(Brief descriptive captions)

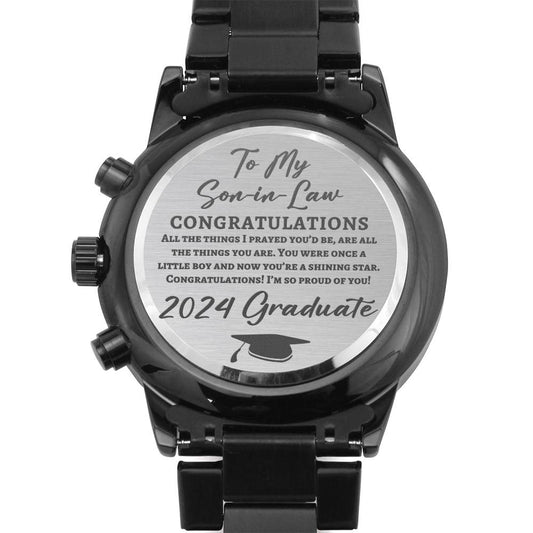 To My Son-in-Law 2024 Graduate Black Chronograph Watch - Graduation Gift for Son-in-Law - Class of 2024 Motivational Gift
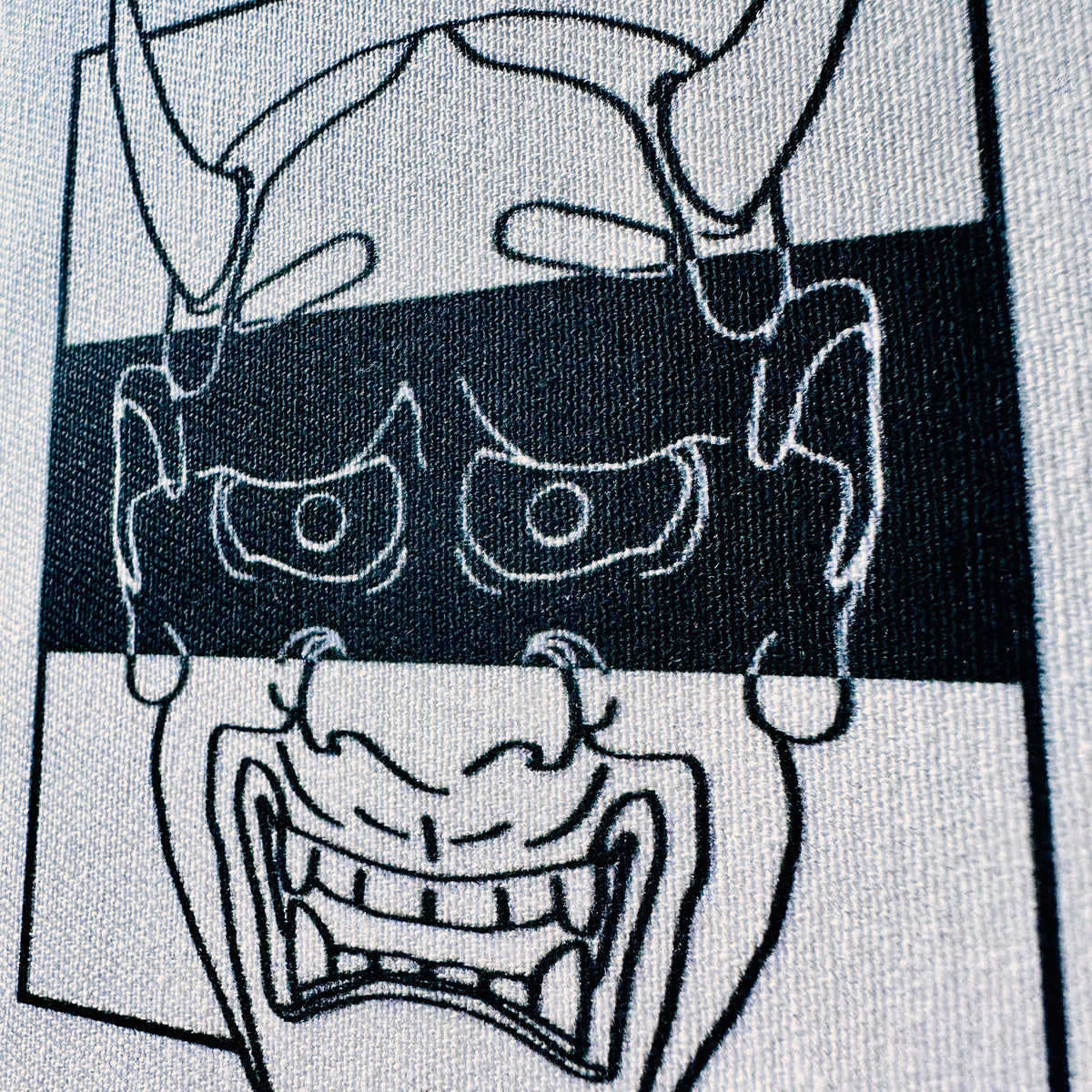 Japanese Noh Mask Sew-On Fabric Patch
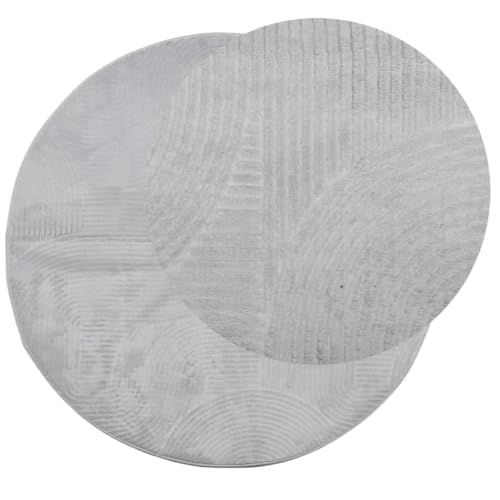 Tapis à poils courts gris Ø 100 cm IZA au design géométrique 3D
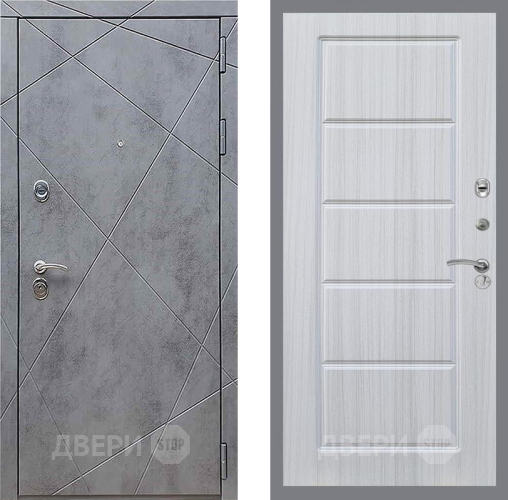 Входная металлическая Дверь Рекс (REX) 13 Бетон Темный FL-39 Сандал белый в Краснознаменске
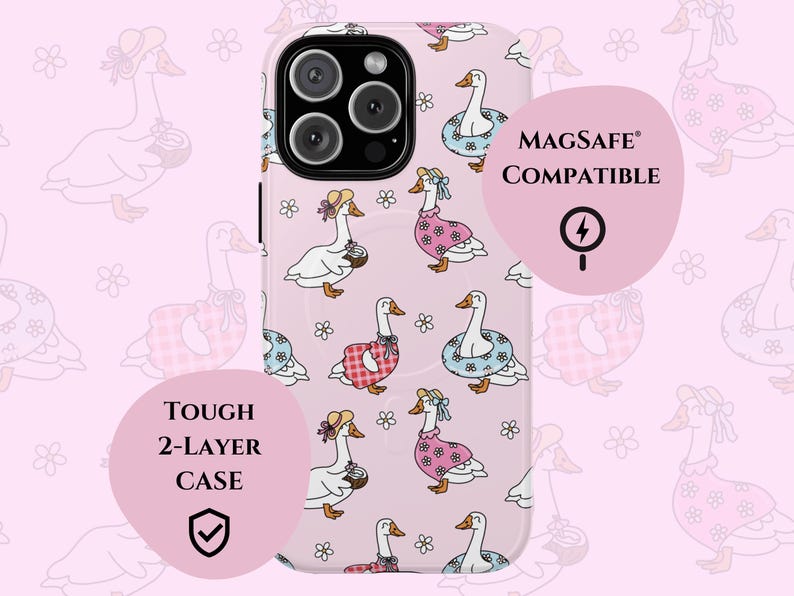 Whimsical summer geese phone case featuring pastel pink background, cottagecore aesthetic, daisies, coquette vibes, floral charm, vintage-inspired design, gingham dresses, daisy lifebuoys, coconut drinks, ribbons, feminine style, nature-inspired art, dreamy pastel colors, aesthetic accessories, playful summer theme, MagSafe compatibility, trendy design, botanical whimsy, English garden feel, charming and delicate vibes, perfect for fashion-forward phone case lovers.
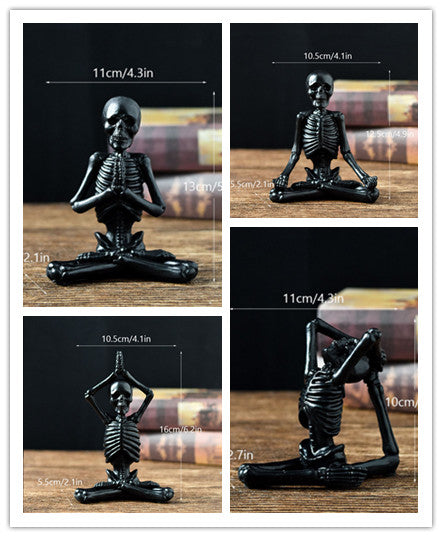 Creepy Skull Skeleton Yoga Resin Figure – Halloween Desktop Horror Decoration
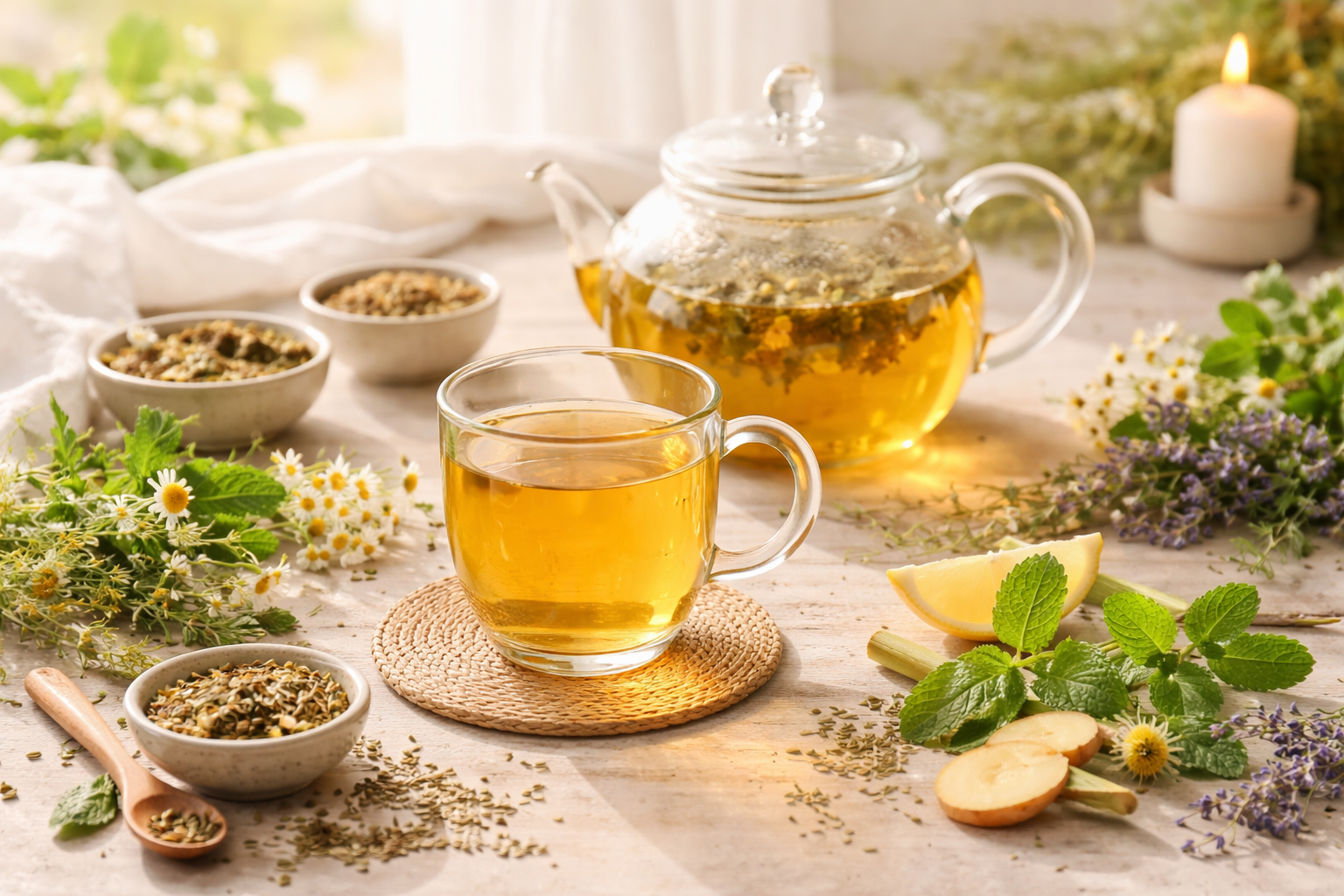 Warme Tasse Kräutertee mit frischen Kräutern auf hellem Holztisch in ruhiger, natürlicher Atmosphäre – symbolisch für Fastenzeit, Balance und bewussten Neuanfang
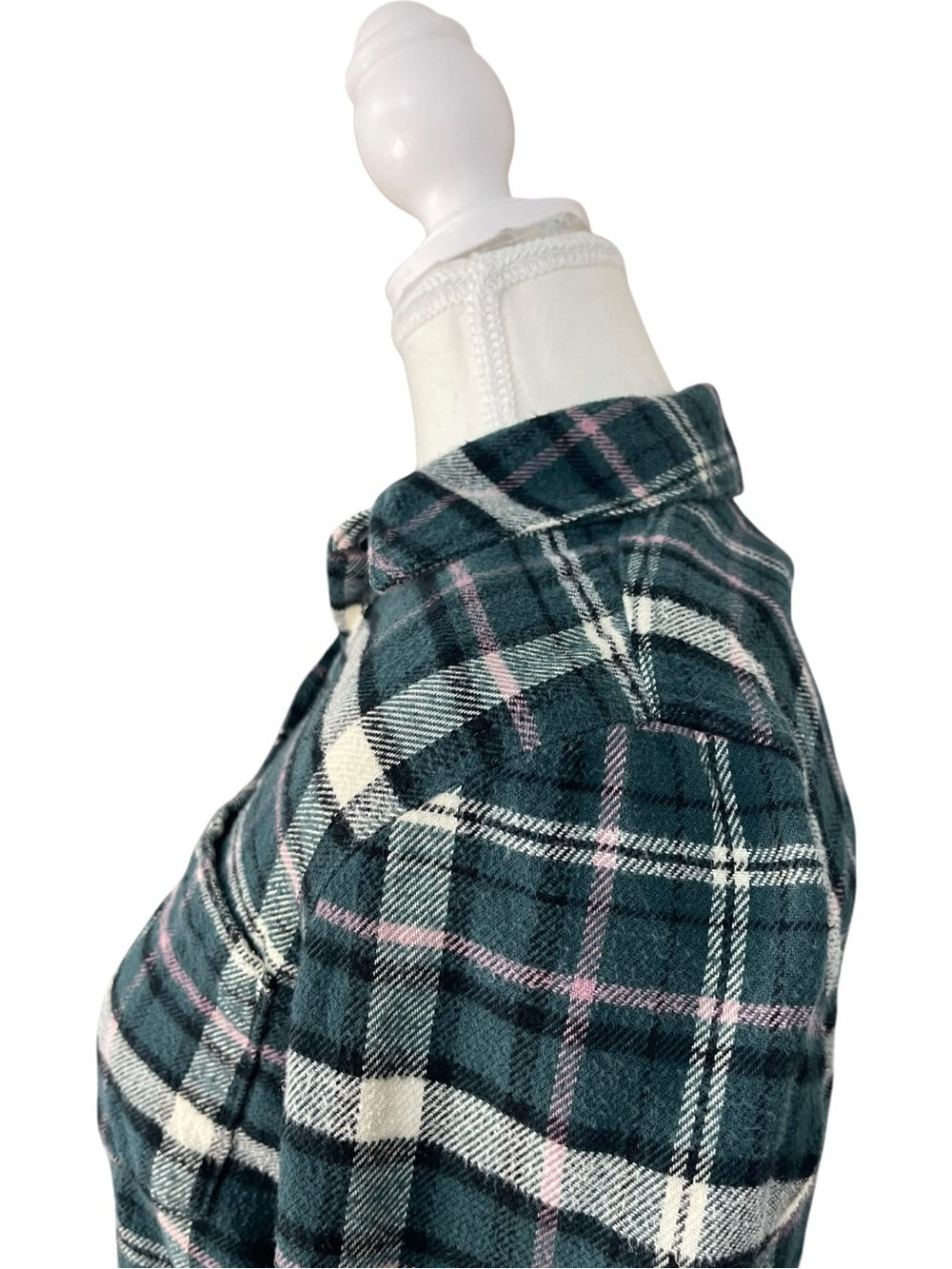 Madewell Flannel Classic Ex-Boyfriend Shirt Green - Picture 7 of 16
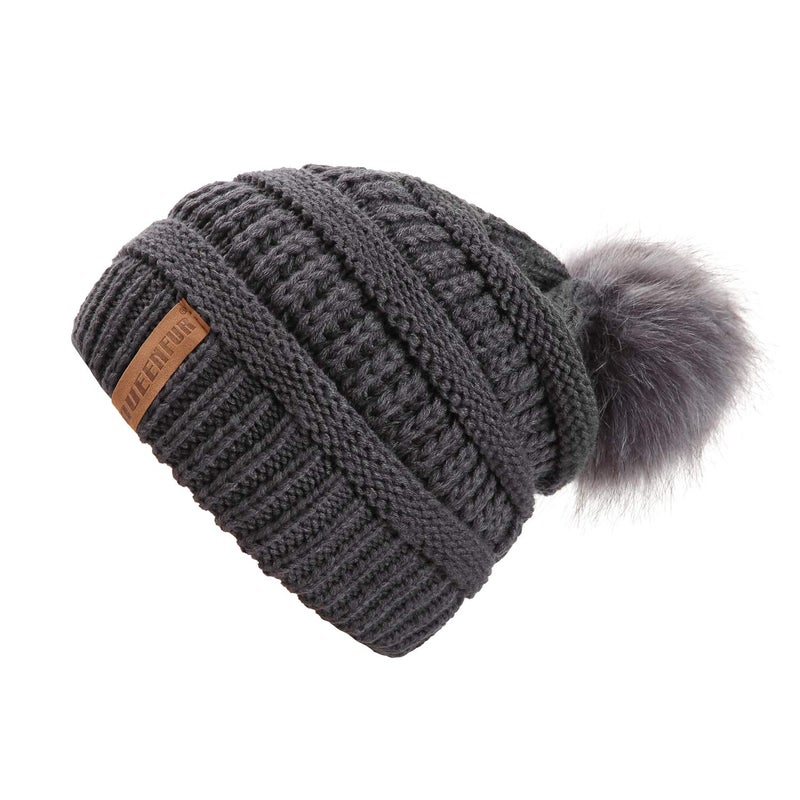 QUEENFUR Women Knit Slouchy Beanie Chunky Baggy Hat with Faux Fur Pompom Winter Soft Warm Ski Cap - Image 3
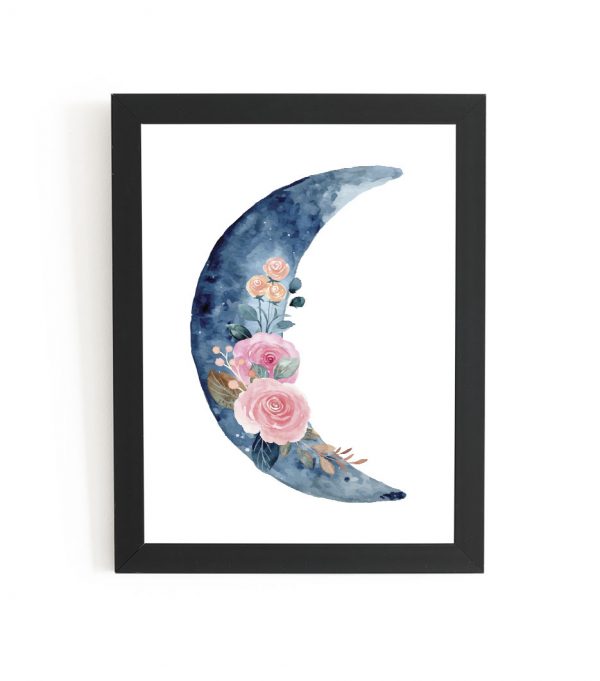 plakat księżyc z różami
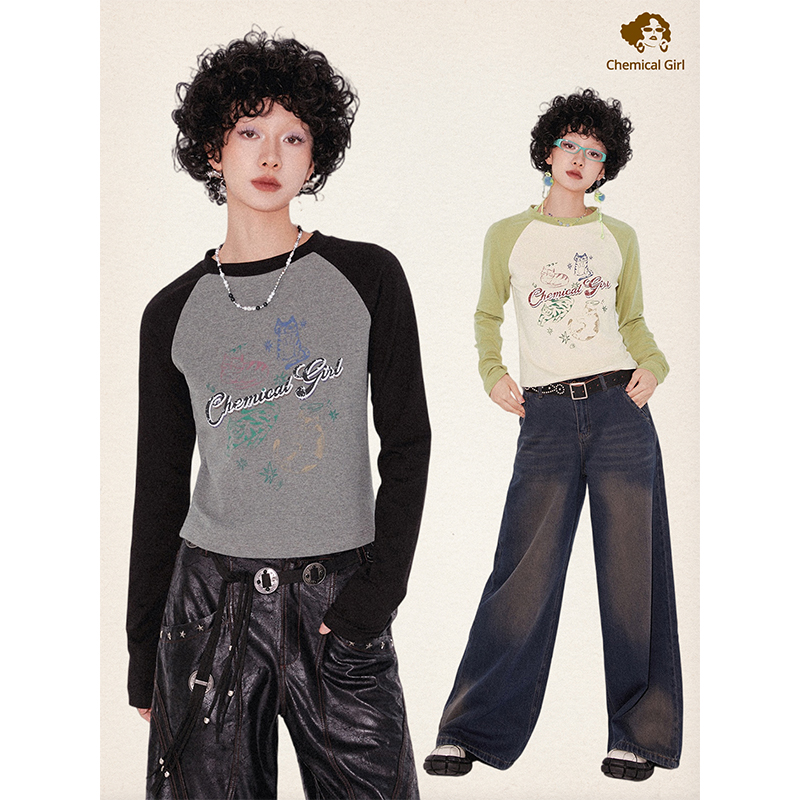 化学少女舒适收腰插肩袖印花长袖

→ **Prompt**
Transcribe the records above exactly and drop every picture.

→ **Solution**
 To My Son-in-Law 2024 Graduate Black Chronograph Watch - Graduation Gift for Son-in-Law - Class of 2024 Motivational Gift
 Japanese Noh Mask Sew-On Fabric Patch
 Tapis à poils courts gris Ø 100 cm IZA au design géométrique 3D
 Входная металлическая Дверь Рекс (REX) 13 Бетон Темный FL-39 Сандал белый в Краснознаменске
 Whimsical summer geese phone case featuring pastel pink background, cottagecore aesthetic, daisies, coquette vibes, floral charm, vintage-inspired design, gingham dresses, daisy lifebuoys, coconut drinks, ribbons, feminine style, nature-inspired art, dreamy pastel colors, aesthetic accessories, playful summer theme, MagSafe compatibility, trendy design, botanical whimsy, English garden feel, charming and delicate vibes, perfect for fashion-forward phone case lovers.
 Creepy Skull Skeleton Yoga Resin Figure – Halloween Desktop Horror Decoration
 Warme Tasse Kräutertee mit frischen Kräutern auf hellem Holztisch in ruhiger, natürlicher Atmosphäre – symbolisch für Fastenzeit, Balance und bewussten Neuanfang
 Madewell Flannel Classic Ex-Boyfriend Shirt Green - Picture 7 of 16
 QUEENFUR Women Knit Slouchy Beanie Chunky Baggy Hat with Faux Fur Pompom Winter Soft Warm Ski Cap - Image 3
 plakat księżyc z różami
 化学少女舒适收腰插肩袖印花长袖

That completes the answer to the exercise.